Her mother cradled her, rocking side to side. "Dear, no one can answer that but you." She planted a kiss in the disheveled red hair of her daughter's head. "You might find a purpose in God, or in the friends and family who support you, or in someone special that you find where you least expect it."
"Is that why you loved Him? Because of your grief?" Kallen couldn't help but take a shot at Him. Her anger at the Britannians was too raw, too close to the surface not to. She regretted her words as soon as her mother stiffened against her.
"Kallen, do not talk about your father like that. Not in this house." Ayuka sighed sadly. If only her daughter could see what sacrifices her father had made for her. "I loved your father because he was, and is, kind and good and a decent man, no matter how you and Naoto saw him." She went back to stroking her daughter's hair. "I just want you to be happy. Seeing you alone like this, destroying yourself with guilt… It hurts me more than could imagine. Alright?"

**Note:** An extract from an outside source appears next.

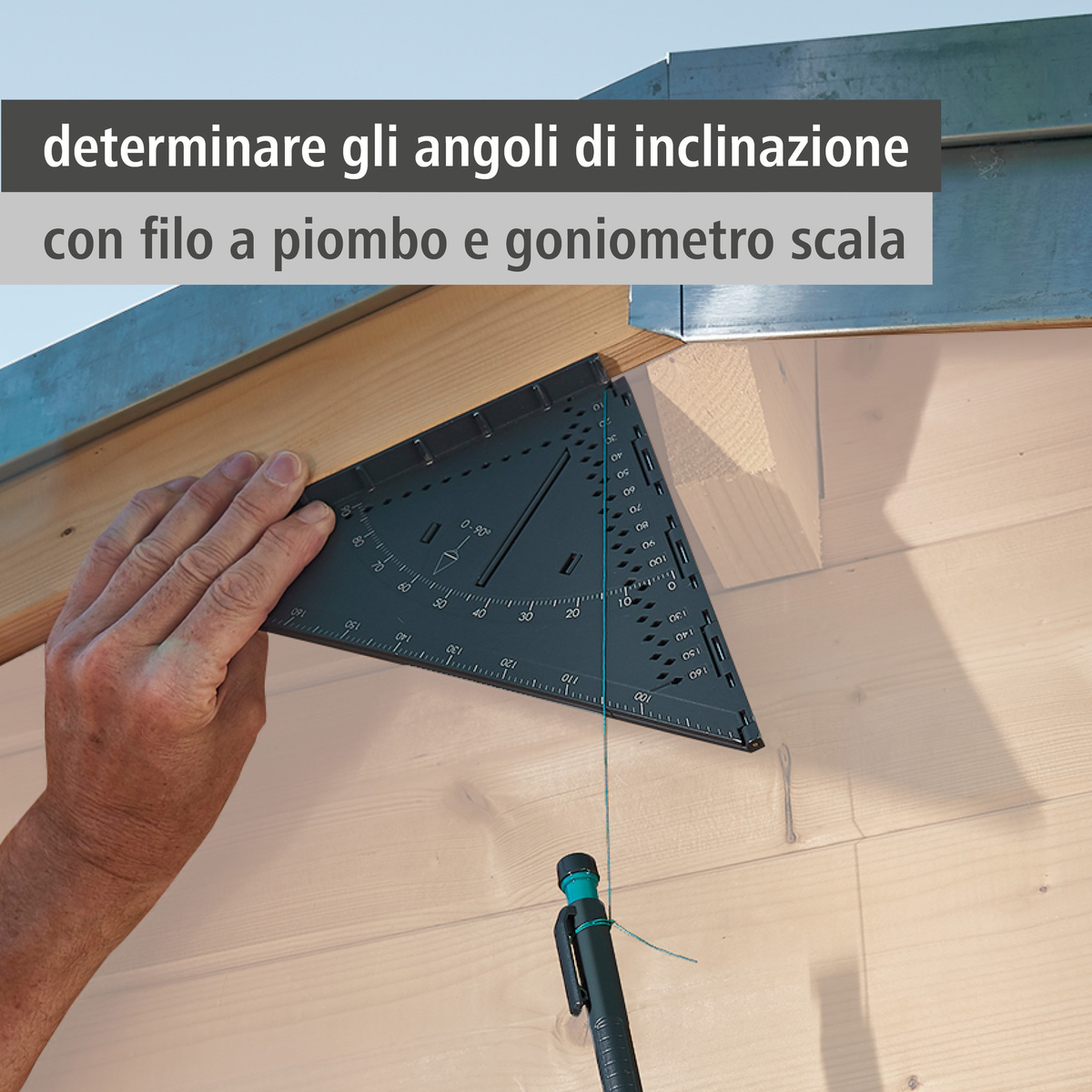 VARIO 3D PRO Measuring and Marking Angle (it)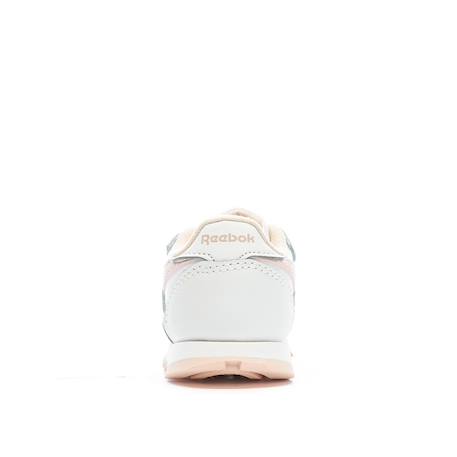 Baskets fille classic leather Rose 4 - vertbaudet enfant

"Yes, mother," Kallen whispered.
"Just try to make yourself happy for me?" Ayuka felt her daughter nod against her and hugged her tighter. "Loneliness is the worst kind of pain, Kallen. You still have friends at school. They care. One of your classmates called today to see how you were. He said that he'd been trying to call you but you weren't replying."
Kallen sagged in annoyance. She didn't want to talk to Britannians right now, especially some stuck up noble brat who went to a school like Ashford. "Mother—"
Ayuka released her daughter from her gentle embrace and stared down her annoyed glare. "He was genuinely worried. He said that you didn't seem yourself when you left school yesterday."
Yesterday? But she hadn't been at school at… all…
Kallen went from depressed to hyper-alert. "Who was it?"
"Dear, what's wrong?"
She grabbed her phone from her bedside table and checked her messages, wincing as the gashes on her hands from yesterday complained at her treatment. "Who was it? Who called to check on me?"
Kallen saw the ID at the same time as her mother replied. "It was Milly's foster brother, Lelouch. He's one of your closer friends at school, isn't he?"